Angela Clay, Kim Walz vie for Chicago City Council seat in economically, racially diverse 46th Ward

Sarah Schulte Image
Monday, April 3, 2023
2 women vie for council seat in city's most diverse ward
Angela Clay and Kim Walz are vying for votes for the city council seat in Chicago's most racially and economically diverse ward.

CHICAGO (WLS) -- Angela Clay and Kim Walz are vying for votes for the city council seat in Chicago's most diverse ward.

Clay is determined to become the 46th Ward's first Black alderman.

"We ran four years ago and came within 300 votes, now four years later we are in a top spot," she said.

Clay finished the first municipal election with 36% of the vote in February. Walz received 26%.

"I think the city has been moving in the wrong direction and I want to get us on the right path," Walz said.

Walz is a former staffer for Congressman Mike Quigley, and now works in government relations for Walgreens. Clay is a housing organizer. Both women are running in the most racially and economically diverse ward in the city, a lakefront ward that includes Uptown to the north and wealthier portions of Lakeview on the south.

"I'm committed to the community of this ward, we have seen big money and outside corporations spend over $250,000 trying to have a seat at the table," Clay said.

Similar to the mayor's race, both candidates are trying to define each other. Clay says Walz is the corporate Democratic establishment pick, financed by outside PACs. Walz says Clay is a defunder of police.

Clay is back by the Chicago Teachers Union and the Democratic Socialists of America. Walz is endorsed by Governor JB Pritzker, Senator Dick Durbin and other elected officials.

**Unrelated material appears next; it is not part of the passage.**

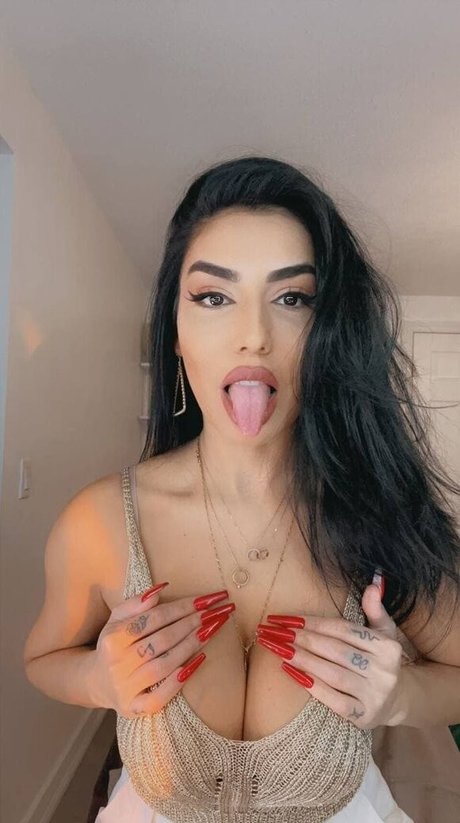 Mynameiszaraaa pornstar naked galleries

"There's a lot of things we needs to do in the community to help then feel safer, to help them afford to stay in community and strengthen the social safety net and I think I'm the right person to do that," Walz said.

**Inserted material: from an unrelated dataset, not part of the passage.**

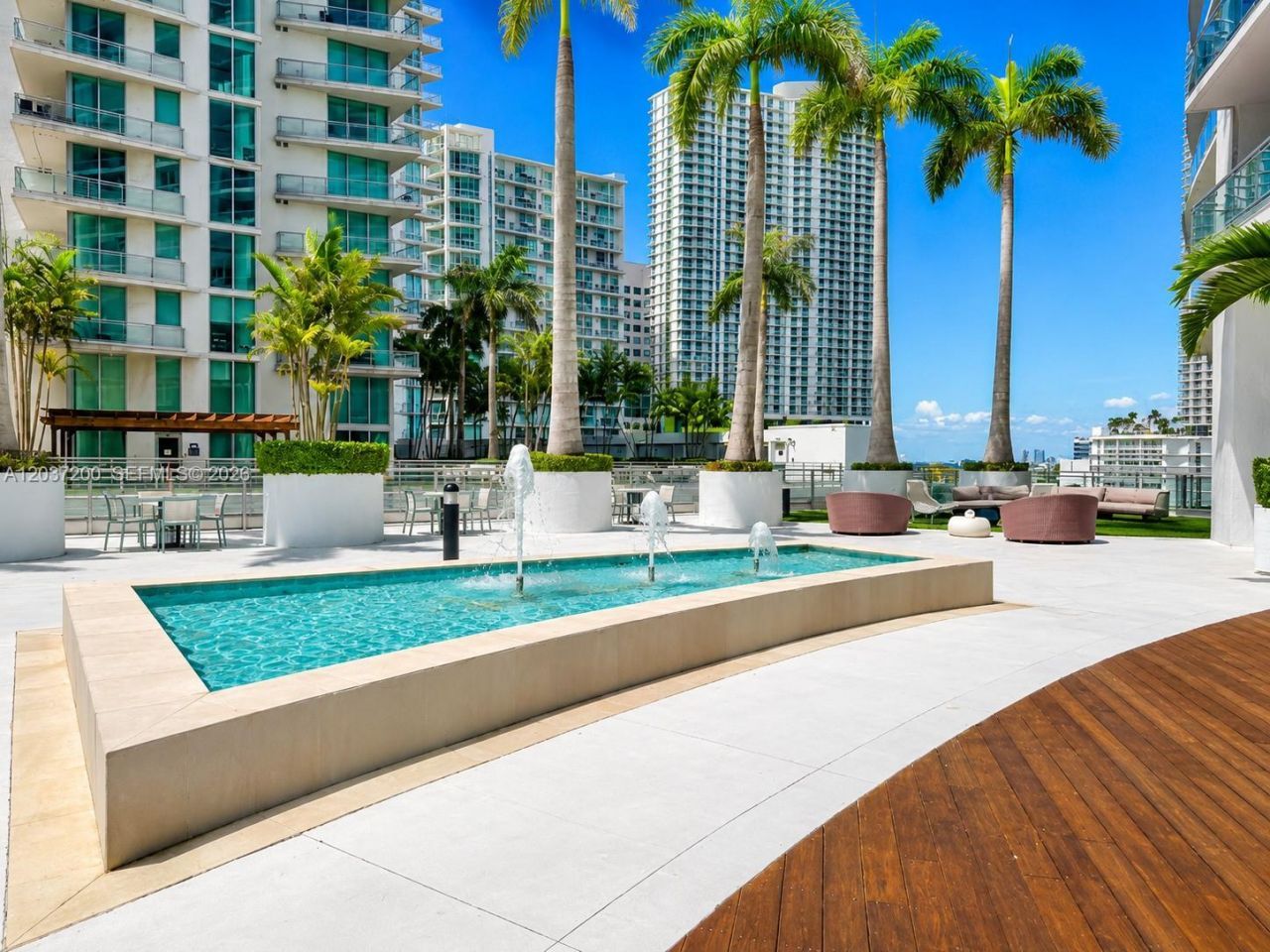 90 SW 3rd St , Unit 4303, Miami, FL 33130 Photo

Walz or Clay will be part of a city council that will welcome 12 new aldermen. Walz hopes it's a group that will get things done instead of making headlines. Clay said the socialists and progressives have the momentum to change the council for years to come.

"It's going to be a very different city Council, probably moving to the left, much younger more independent," said ABC7 Political Analyst Laura Washington.